> [Data under study]
════════════════════

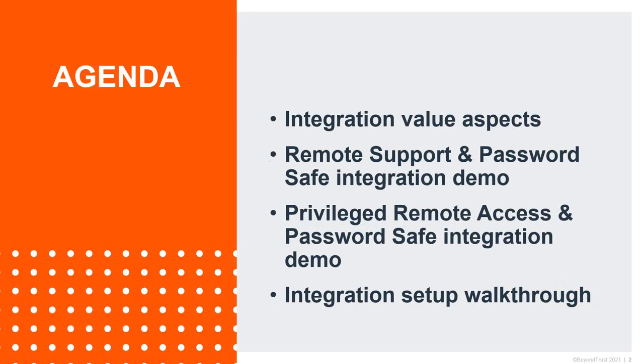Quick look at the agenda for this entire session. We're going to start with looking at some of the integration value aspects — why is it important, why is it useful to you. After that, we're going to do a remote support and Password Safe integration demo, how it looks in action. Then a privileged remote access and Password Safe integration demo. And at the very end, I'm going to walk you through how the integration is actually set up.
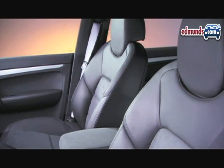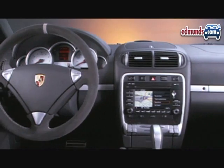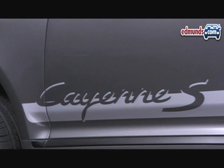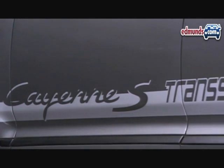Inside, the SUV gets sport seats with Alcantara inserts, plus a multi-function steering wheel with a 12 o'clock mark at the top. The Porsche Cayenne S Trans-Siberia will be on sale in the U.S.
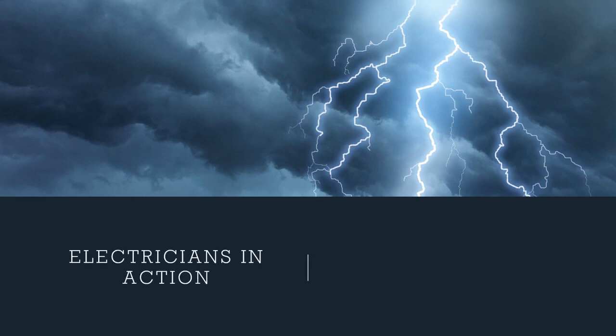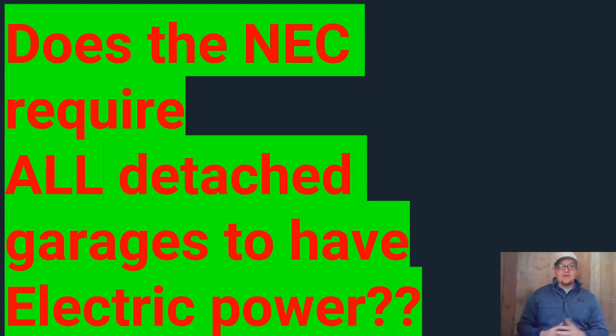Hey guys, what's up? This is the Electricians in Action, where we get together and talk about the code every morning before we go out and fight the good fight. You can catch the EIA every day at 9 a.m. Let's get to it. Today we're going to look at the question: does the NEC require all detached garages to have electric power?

════════════════════

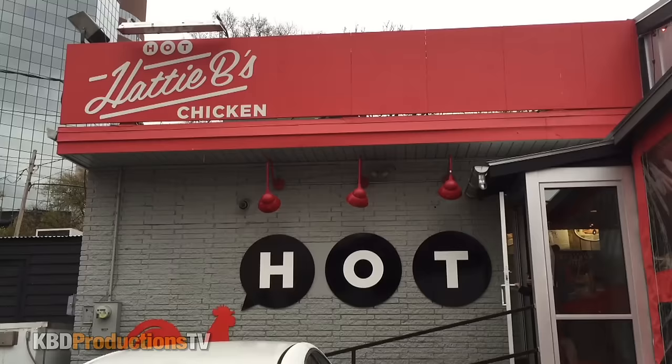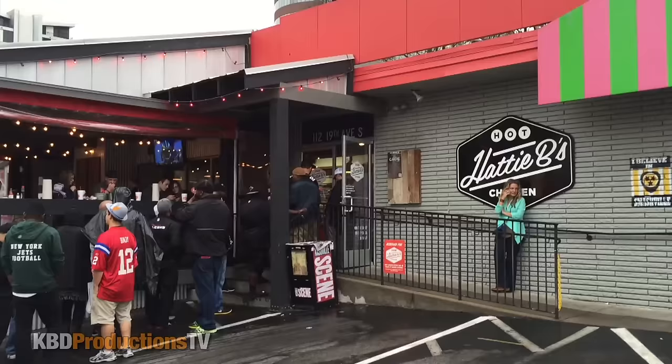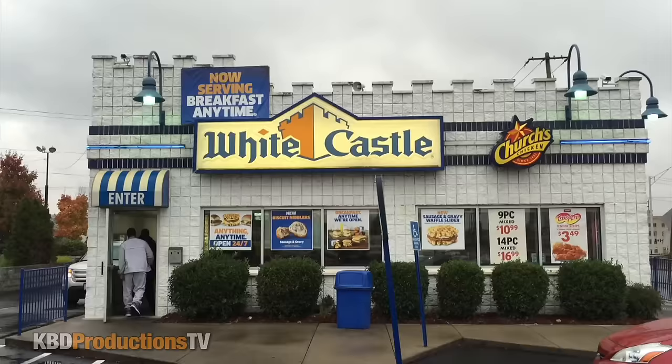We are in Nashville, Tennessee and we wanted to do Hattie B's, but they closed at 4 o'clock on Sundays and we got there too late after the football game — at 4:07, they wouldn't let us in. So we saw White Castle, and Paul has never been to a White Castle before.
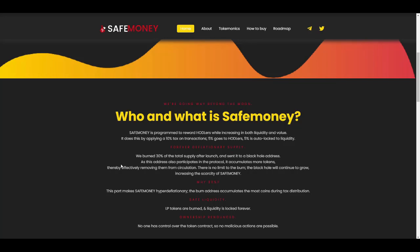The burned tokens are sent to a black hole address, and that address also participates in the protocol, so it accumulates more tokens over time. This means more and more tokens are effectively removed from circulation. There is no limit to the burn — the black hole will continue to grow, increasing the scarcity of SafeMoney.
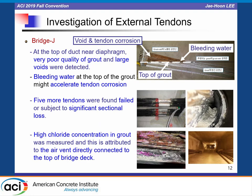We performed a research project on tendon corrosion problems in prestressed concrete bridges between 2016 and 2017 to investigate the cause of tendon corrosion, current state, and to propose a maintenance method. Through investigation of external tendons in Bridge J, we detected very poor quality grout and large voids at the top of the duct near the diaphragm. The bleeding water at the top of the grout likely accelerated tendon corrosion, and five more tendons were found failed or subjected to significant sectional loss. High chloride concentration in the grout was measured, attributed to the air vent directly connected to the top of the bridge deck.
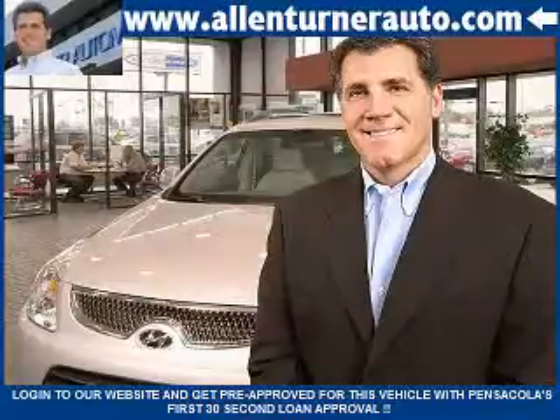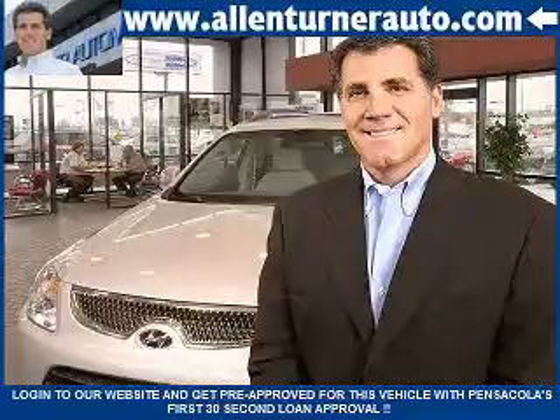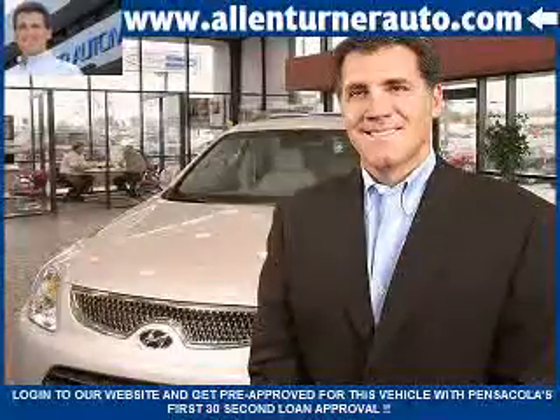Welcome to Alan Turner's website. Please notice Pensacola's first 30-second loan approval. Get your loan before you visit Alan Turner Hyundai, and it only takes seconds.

════════════════════

> [Problem requirements] In the listing above, find the line holding "Quick look at" and the line holding "Hey guys, what's". Reproduce those two lines and all between them exactly, leaving out pictures.

> [Expected answer]
Quick look at the agenda for this entire session. We're going to start with looking at some of the integration value aspects — why is it important, why is it useful to you. After that, we're going to do a remote support and Password Safe integration demo, how it looks in action. Then a privileged remote access and Password Safe integration demo. And at the very end, I'm going to walk you through how the integration is actually set up.
Inside, the SUV gets sport seats with Alcantara inserts, plus a multi-function steering wheel with a 12 o'clock mark at the top. The Porsche Cayenne S Trans-Siberia will be on sale in the U.S.
Hey guys, what's up? This is the Electricians in Action, where we get together and talk about the code every morning before we go out and fight the good fight. You can catch the EIA every day at 9 a.m. Let's get to it. Today we're going to look at the question: does the NEC require all detached garages to have electric power?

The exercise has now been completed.